PROBLEM TO SOLVE
Return all of the data exactly, with nothing left out but the pictures.

MATERIAL PROVIDED
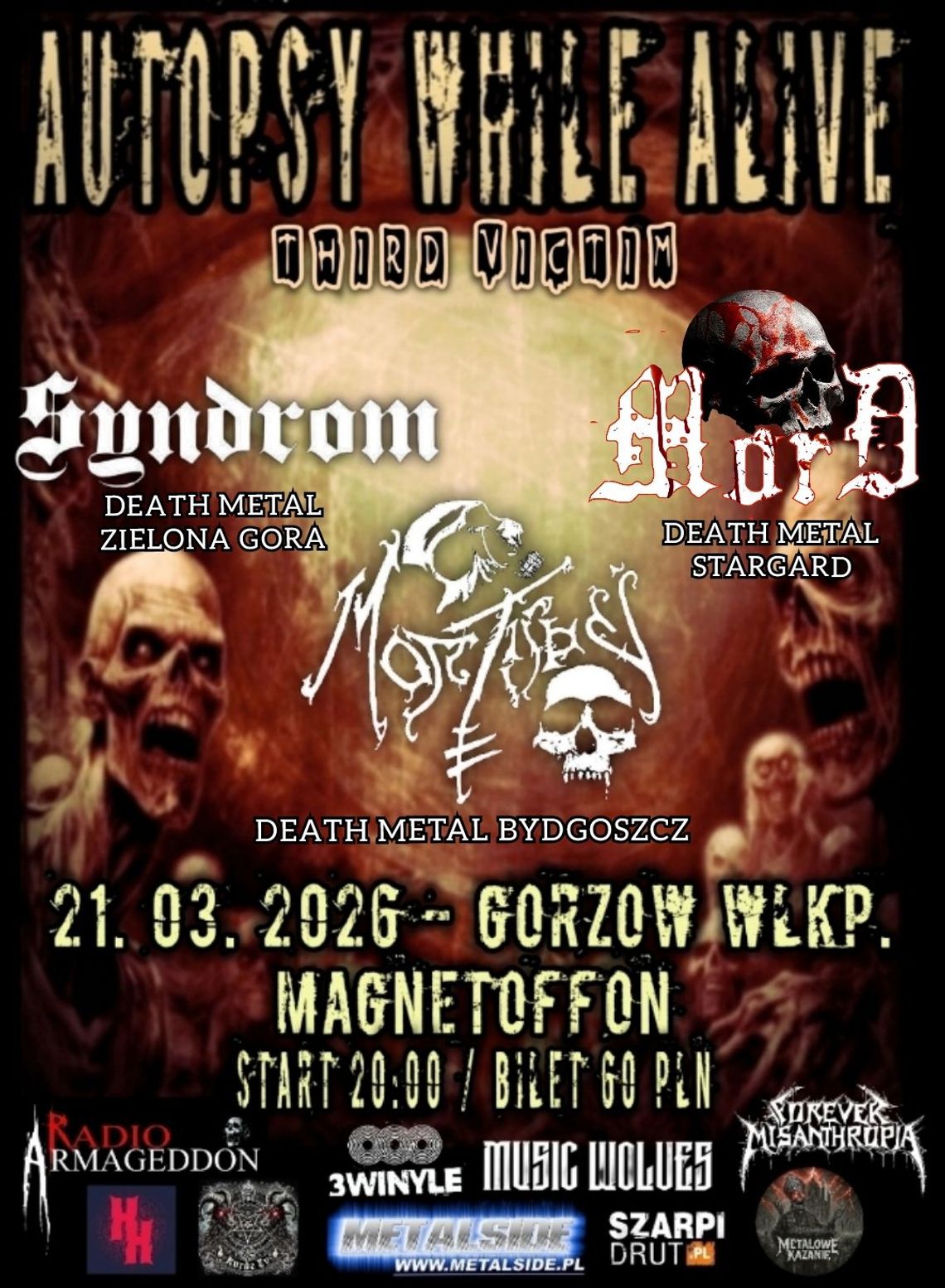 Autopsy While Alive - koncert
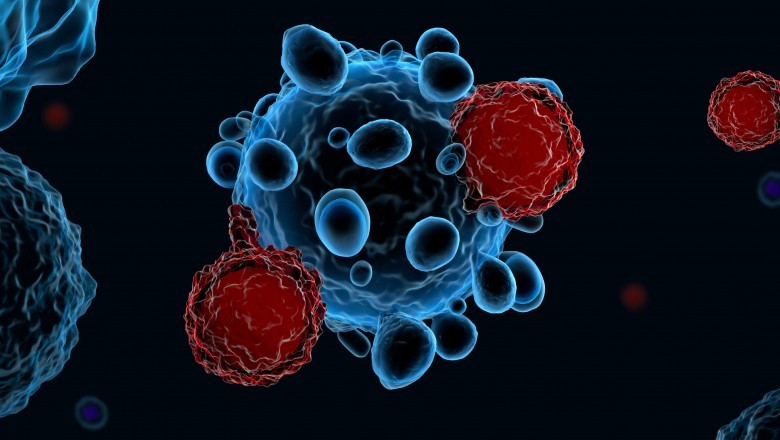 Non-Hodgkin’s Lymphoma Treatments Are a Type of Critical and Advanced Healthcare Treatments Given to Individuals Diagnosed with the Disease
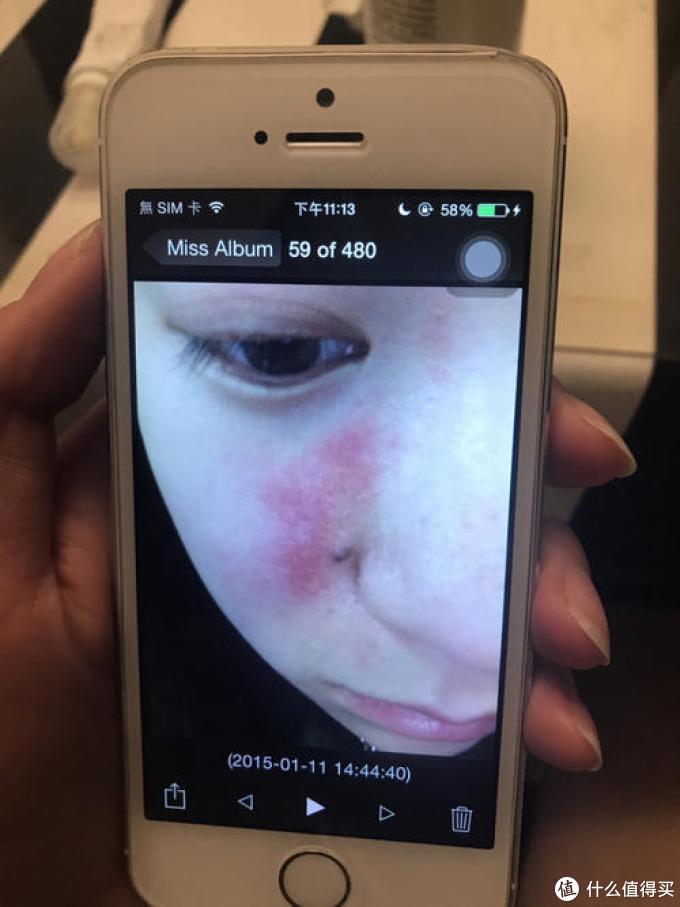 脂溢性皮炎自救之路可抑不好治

RESULT
 Autopsy While Alive - koncert
 Non-Hodgkin’s Lymphoma Treatments Are a Type of Critical and Advanced Healthcare Treatments Given to Individuals Diagnosed with the Disease
 脂溢性皮炎自救之路可抑不好治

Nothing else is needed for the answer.